Abstract

This papers singles out a particular group of essay films marked by their uses of video technologies (analogue video, digital video, and internet-based video platforms) to process and retrieve film-based imagery (images made with 8mm, Super-8mm, 16mm) that shapes the landscapes of their filmmakers’ memory. Due to its hybrid, in-between configuration of fiction film, documentary, and experimental film, the essay film has gained increasing popularity during the last two decades to filmmakers and artists who aspired to call into questions the boundaries of the multiple dimensions concerned with memory: boundaries between the personal and the public, between retrieval and loss, and between documentation and access.
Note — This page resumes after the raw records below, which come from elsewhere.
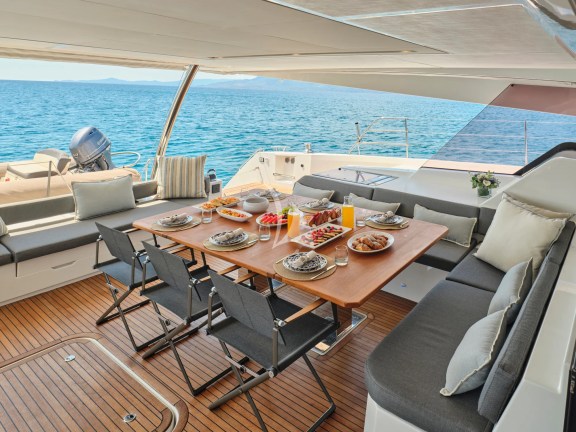 Image of SERENISSIMA yacht #14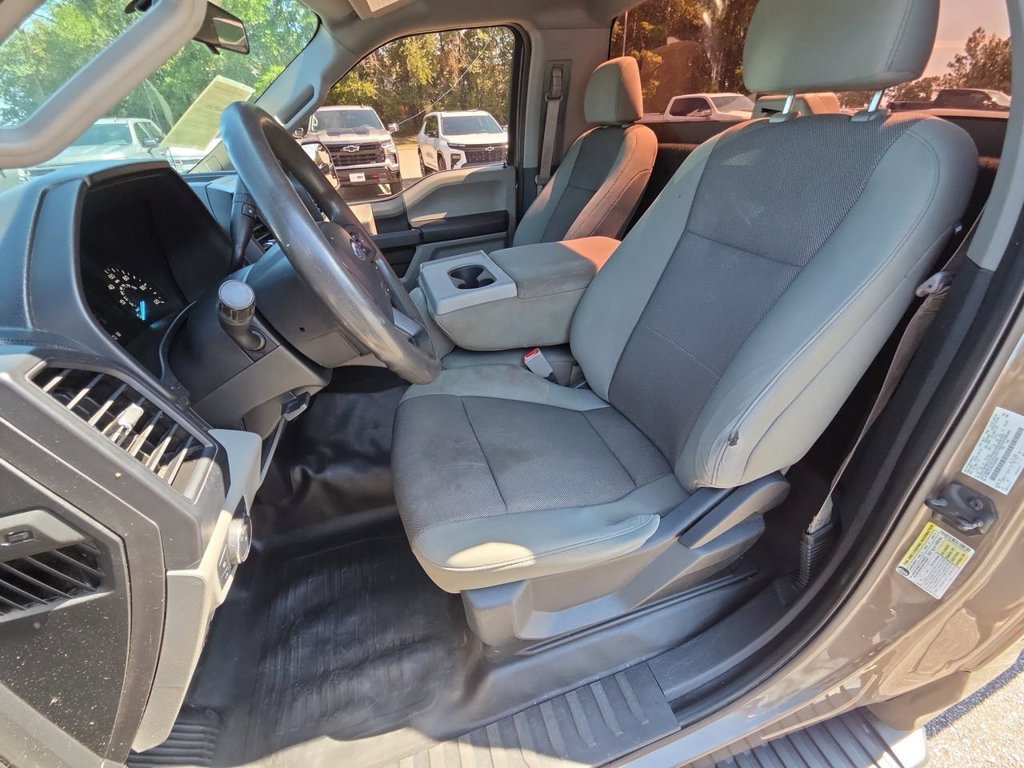 Used 2020  Ford XL image 10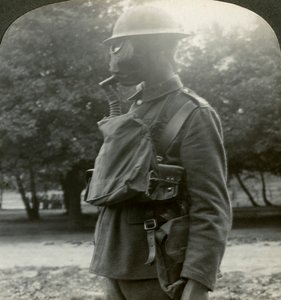 最新のガスマークとスチールヘルメットを装備した歩兵、第一次世界大戦、1915〜1918年。 作： Realistic Travels Publishers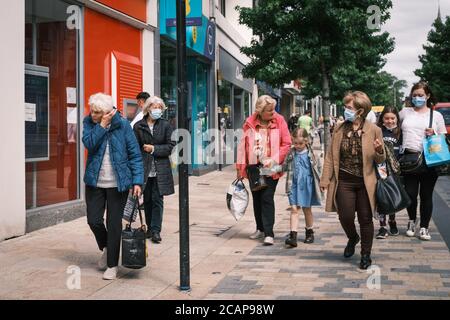 Shopper in Facemask auf Prestons Haupteinkaufsstraße Fishergae in Facemask, um sich vor Covid19 zu schützen. Stockfoto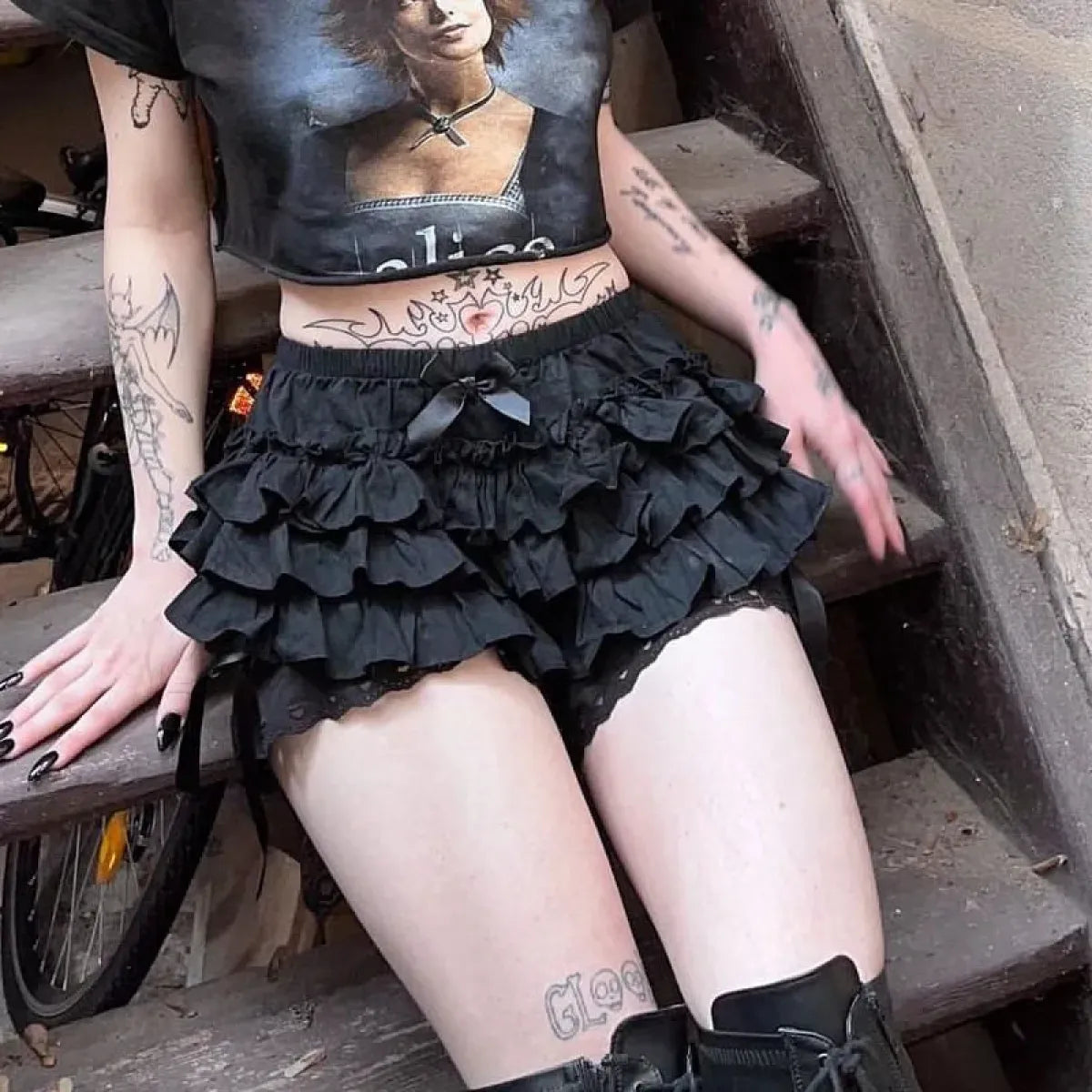 Gothic Lace Shorts - Sweet Bow Ruffle Bloomers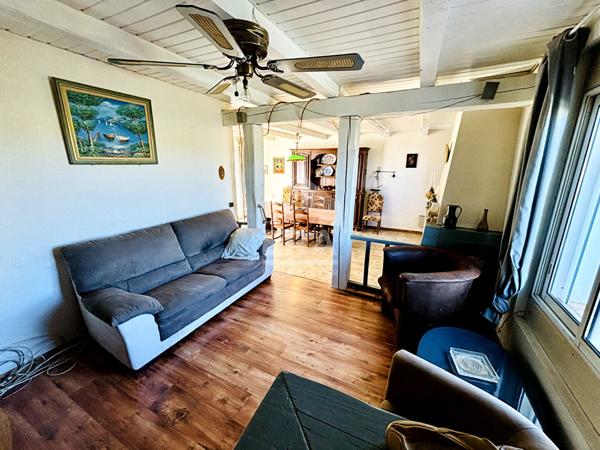 ISTRES - Maison Type 4 de 92 M2 + un studio de 46 M2 sur une parcelle de 1270 m2 avec piscine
In particular, some filmmakers and artists have taken a materialist approach to the essay film by investigating how the memory trace inscribed in film is transformed and reconfigured as it passes through the filters and textures of post-filmic media. Accordingly, the filmmakers’ works are replete with images in which the traces of celluloid dynamically interact with the properties of video, images that result in the complex configuration of the two media as testifying to the construction of their memory and subjectivity as open and dialectical. In this sense, this paper defines this type of essay films “intermedial essay films.” Drawing on the films of Chris Marker (Level 5 (1996)), Jean-Luc Godard (Histoire(s) du Cinema (1986-96)), and Harun Farocki (Schnittstelle (Section/Interface) (1996)) as the precursors of intermedial essay films, and taking the films of Hito Steyerl (November (2004) and In Free Fall (2010)) and Lynne Sachs (States of Unbelonging (2005) and The Last Happy Day (2009)) as two case studies, I argue for two ways in which intermedial essay films offer rich interfaces between old media, new media, and memories. First, the films register the intertwined processes of recollection and loss as a constitutive element of the archival memory as their images often add up to the hybrid images marked by the collision and exchange between filmic properties and video-based ones. Second, the juxtaposition between the two media is intended to combine the filmmakers’ registration of the shifts in their perspective and subjectivity with their reflection on the changing material-ontological transition of the cinema from celluloid to new media, and thereby to configure the filmmakers’ memory as the “memory-in-between.”